Du Toit thought otherwise. “If it could crawl at all it would go to the water—and if it died in it, the water will be giftig (poisonous).”
I stuck to the opinion that the snake would have died in its hole—the wish being father to the thought—for I was half dead with thirst. But it needed no canful of water to show that I was wrong, for the stench that rose from that pit was too awful for words, and I could not face it long enough even to peer down. But Gert told me that the bloated body of the big snake lay almost wholly in the water, of which, by a strange irony of fate, there was quite a large pool in the pit, enough, had it been drinkable, to have satisfied not only ourselves, but the oxen. So that the puff-adder had a grim revenge for van Reenen’s bullet. There was no water whatever in the other pit, and there was nothing to do but to struggle through to the waggon, which we did by abandoning the cart and with the loss of two of the oxen en route.

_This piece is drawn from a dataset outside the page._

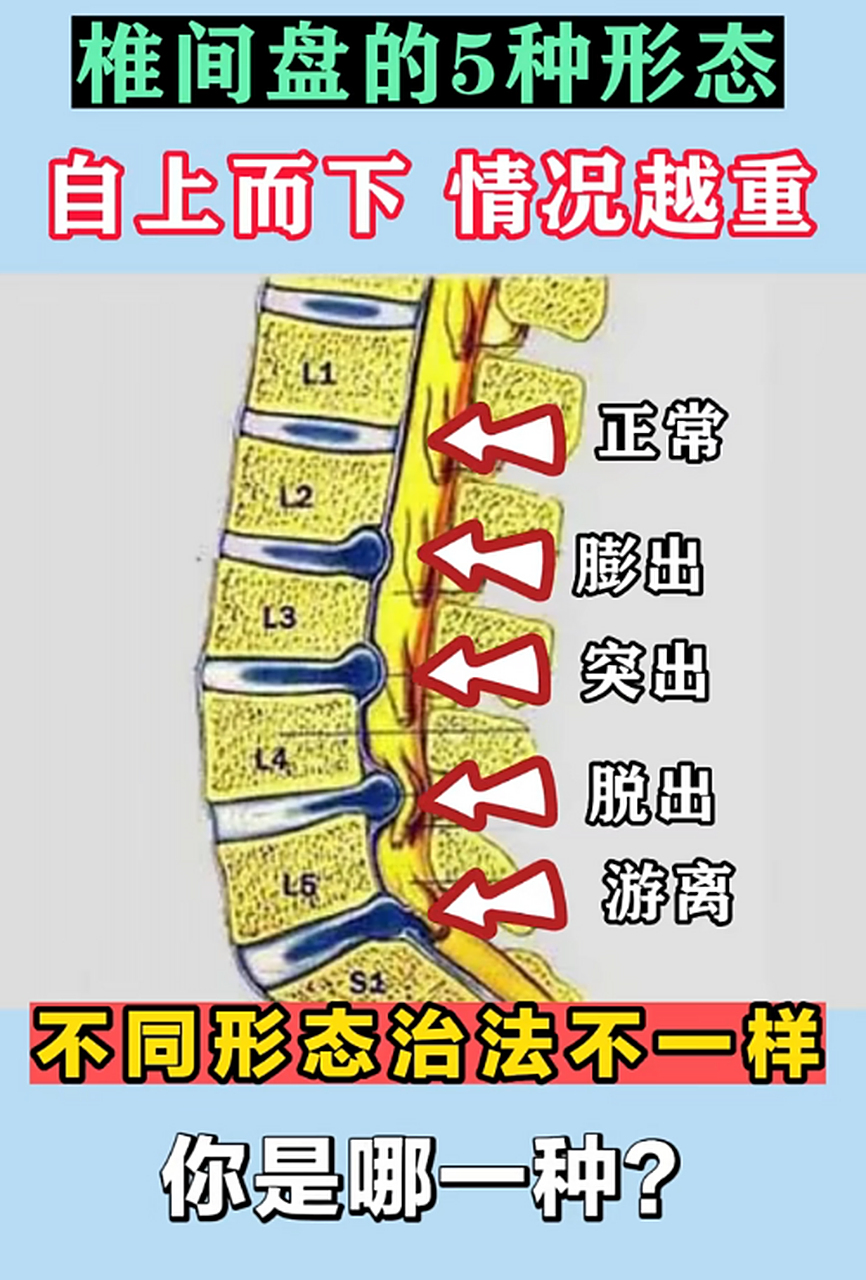 椎间盘的5种形态 自上而下 情况越重  l1:正常 l2:膨出 l3:突出 l4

We found t’samma there almost exhausted, and a day or two afterwards were forced to retreat again to the Molopo.
Here, after revelling a day or two in good water, we separated, van Reenen and Telfer to enter the Reserve still farther south, whilst I made an attempt to reach the far north-eastern pan known as “Wolverdanse,” where emeralds were supposed to exist, and which Telfer had searched for in vain. From the heights of a pan known as “Kei Koorabie,” which we had reached on our last trip, John the Bastard had pointed out this “emerald pan” on the far horizon to the north, a long blue ridge of a very distinctive shape; but we had realised that the only way to reach it was by striking south from the Kuruman River.
TEACHING CAMELS TO EAT T’SAMMA.
BUSHMAN AT BOOMPLAATS, SOUTHERN KALAHARI.
With native musical instrument.
I had therefore arranged with a camel police trooper, when on his next patrol in that direction, to give me a lift as far as Tilrey Pan, which is the extreme eastern limit of the patrol, and which is very rarely visited even by them.